Transitional arrangements for young people were excellent. Partners said consistently the ‘planning together’ meetings were used effectively to meet the needs of a young person. The ‘good life steering group’ placed young people at the centre and afforded them choice and control over their future. We found these forums also supported strong relationships between the local authority and providers and a collaborative culture within the sector. We heard about workshops for parents and carers around subjects relating to transition and service providers such as internships, education and workplace opportunities were clearly provided and available. Young people were supported for transitions at age 14, and at age 16 for handover to health services. Although there had been cases which were held until the person was aged 25 and a half, this was very unusual.
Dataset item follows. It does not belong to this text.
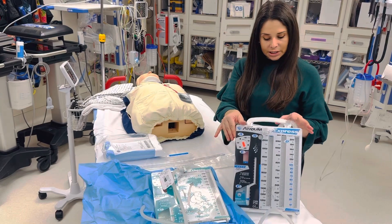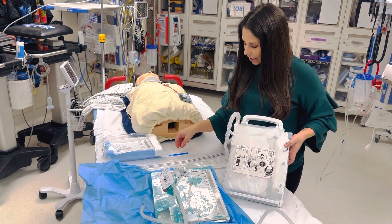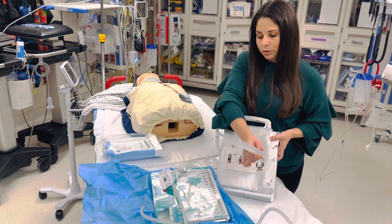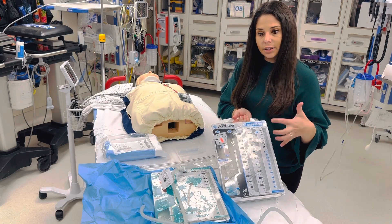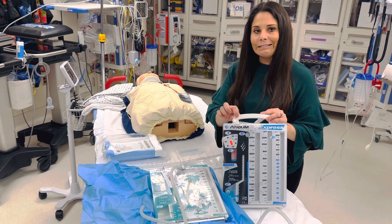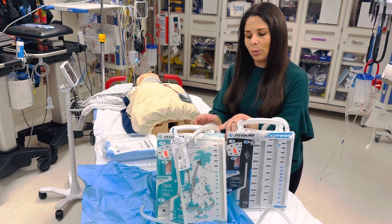Dry seal chest tubes are a little bit different. There are instructions on the back, and there will be a syringe for you. You take that syringe — it's a luer lock this time — and inject the water in through the back of the chest tube. When you do that, the water fills up down here. So dry seal is through the back, and the water seal is through your suction port. The way I remember that is the dry seal port is white for not having water through there, and the water seal is blue because you're putting water through there.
This collaborative planning was proactive, person centred and involved and supported parents and carers and the individual to choose the best outcome available from a healthy market offer.
Provider failure and service interruption procedures were in place and updated in July 2024. Staff and leaders explained what they would do and what they had done in cases of provider failure. Partner feedback demonstrated the local authority were responsive and supportive in planning for and responding to difficulties. There were mutual aid arrangements in place with neighbouring boroughs and the 5 borough NCL arrangement supported joint working and support across local authorities in times of disruption or emergency. Leaders and staff told us about home care mutual aid across neighbouring local authorities.
There was an example given of effective response to disruption: a care setting experienced extreme effects from heavy rain. The local authority provided swift action in keeping residents safe and identified solutions quickly for displaced residents. They also evaluated their actions following the incident which led to the development of a specific emergency placement flow chart and protocol. There was a joint business continuity plan for staff teams which detailed scenarios of potential disruption.